J’utilise un matériel vraiment basique, qu’on peut trouver partout et qui coûte peu cher. J’utilise trois tailles de feutres noirs. Un feutre fin pour les contours des personnages, un épais pour le remplissage et un moyen pour faire un peu des deux. Je l’utilise principalement pour affiner en fin d’encrage. Pour un chapitre de 34 pages, j’utilise généralement 1 à 2 feutres de chaque taille.

Comment procédez-vous pour créer vos planches ? Ce trait si particulier laisse-t-il une place au numérique et à d’éventuels assistants ?

Je pense que je suis le processus classique de création pour un manga. Je commence par un crayonné léger qui me donne une trame de ce que je raconte. Je repasse ensuite les contours et je remplis les noirs. Je n’ai aucun assistant et je n’utilise que très peu le numérique. En réalité, je ne m’en sers que dans un esprit pratique, pour les quelques trames que j’ajoute à mes planches et pour dessiner les contours des cases.

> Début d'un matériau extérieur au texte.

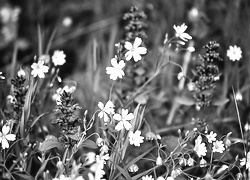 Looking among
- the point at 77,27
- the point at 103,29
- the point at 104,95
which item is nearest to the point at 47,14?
the point at 77,27

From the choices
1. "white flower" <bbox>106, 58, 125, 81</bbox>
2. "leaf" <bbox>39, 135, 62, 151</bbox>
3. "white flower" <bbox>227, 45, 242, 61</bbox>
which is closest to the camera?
"leaf" <bbox>39, 135, 62, 151</bbox>

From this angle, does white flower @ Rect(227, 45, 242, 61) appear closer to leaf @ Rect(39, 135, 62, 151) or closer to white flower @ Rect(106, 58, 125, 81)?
white flower @ Rect(106, 58, 125, 81)

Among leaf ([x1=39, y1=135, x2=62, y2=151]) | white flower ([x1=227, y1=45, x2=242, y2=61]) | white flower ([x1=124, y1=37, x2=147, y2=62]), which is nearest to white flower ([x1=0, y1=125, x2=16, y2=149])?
leaf ([x1=39, y1=135, x2=62, y2=151])

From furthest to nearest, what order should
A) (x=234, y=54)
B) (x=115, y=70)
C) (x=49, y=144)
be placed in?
(x=234, y=54) < (x=115, y=70) < (x=49, y=144)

Premier tome de la série Nivawa to Saitô.

Premier tome de la série Nivawa to Saitô.

Dans Nivawa to Saitô, vous avez un dessin beaucoup plus consensuel. Pourquoi ce choix ? Qu’avez-vous pensé de cette expérience ?

Tout d’abord, je tiens à préciser que le style qui m’est naturel et que j’affectionne le plus est celui que j’utilise pour L’Enfant et le Maudit. J’ai toujours fait mes illustrations dans cet esprit-là. Au lancement de ma série Nivawa to Saitô, je comptais utiliser ce trait, mais l’éditeur a tout simplement refusé. Comme c’est un titre « tranche de vie » et comique, je me suis dit qu’il était légitime de m’adapter. Je me suis donc lancé en me conformant à la norme. Pour mon personnage de Nivawa, c’était finalement assez facile et ça m’est venu naturellement car j’ai toujours aimé dessiner des personnages non-humains. Pour ce qui est de Saitô, l’humain, ça a été plus difficile car j’ai dû faire des efforts et m’inspirer de ce que je voyais dans les mangas plus mainstream.

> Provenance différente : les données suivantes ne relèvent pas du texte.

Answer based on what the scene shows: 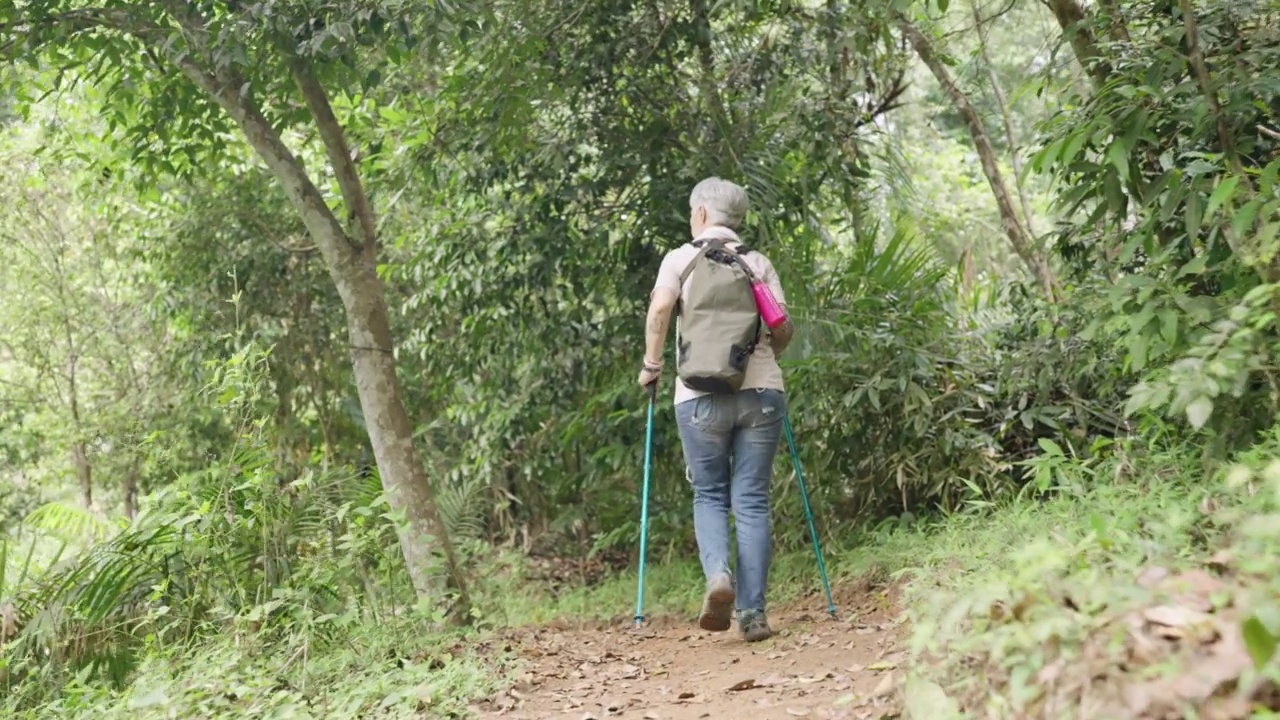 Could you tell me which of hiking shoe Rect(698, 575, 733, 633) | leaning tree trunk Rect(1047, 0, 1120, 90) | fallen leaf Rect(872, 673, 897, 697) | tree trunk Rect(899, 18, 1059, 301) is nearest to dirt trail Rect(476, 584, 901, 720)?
fallen leaf Rect(872, 673, 897, 697)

C’est intéressant que vous parliez de manga mainstream, car justement, même s’il est différent, L’Enfant et le Maudit rencontre un certain succès au Japon et en France. Est-ce que cela vous étonne ? Est-ce que vous pensez que le marché est trop formaté graphiquement ?

Je suis tellement loin de ce qui se fait actuellement et quand je vois que L’Enfant et le Maudit fonctionne aussi bien, je reste toujours aussi surpris. Les gens achètent mes livres et des fans partagent leurs avis sur mon œuvre avec bienveillance. Je ne pense pas que le marché soit aussi formaté qu’avant. Mais, même s’il reste encore très normé, des mangakas comme moi, avec un style original, trouvent de plus en plus facilement des magazines qui acceptent différents types de dessins. Auparavant, aucun éditeur n’aurait accepté mon travail.

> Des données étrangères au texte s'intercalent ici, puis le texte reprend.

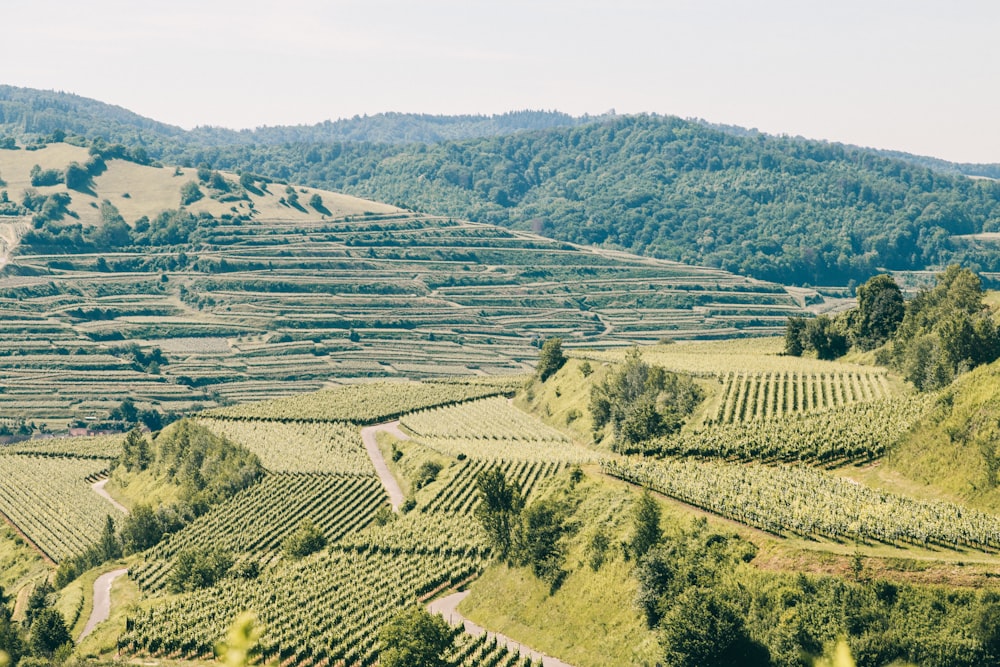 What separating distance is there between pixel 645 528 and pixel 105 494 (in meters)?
108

Comment construisez-vous votre histoire ? Vous laissez-vous porter par les personnages, l’ambiance, ou tout est déjà écrit ?

Je sais où je vais, comment mon histoire va se terminer et à peu près combien il me faudra de tomes pour y arriver [nombre qu’il n’a pas voulu révéler – ndlr]. Pour ce qui est du chemin qui me mènera à cette conclusion, j’ai déjà de nombreuses idées, mais tout peut encore évoluer. Je me laisse une certaine liberté et je ne m’empêche pas de me laisser porter le long du chemin que parcourent Sheeva et le Professeur pour arriver à leur destination.

L Enfant et le Maudit 2Au-delà de vos influences graphiques, quelles oeuvres vous inspirent ?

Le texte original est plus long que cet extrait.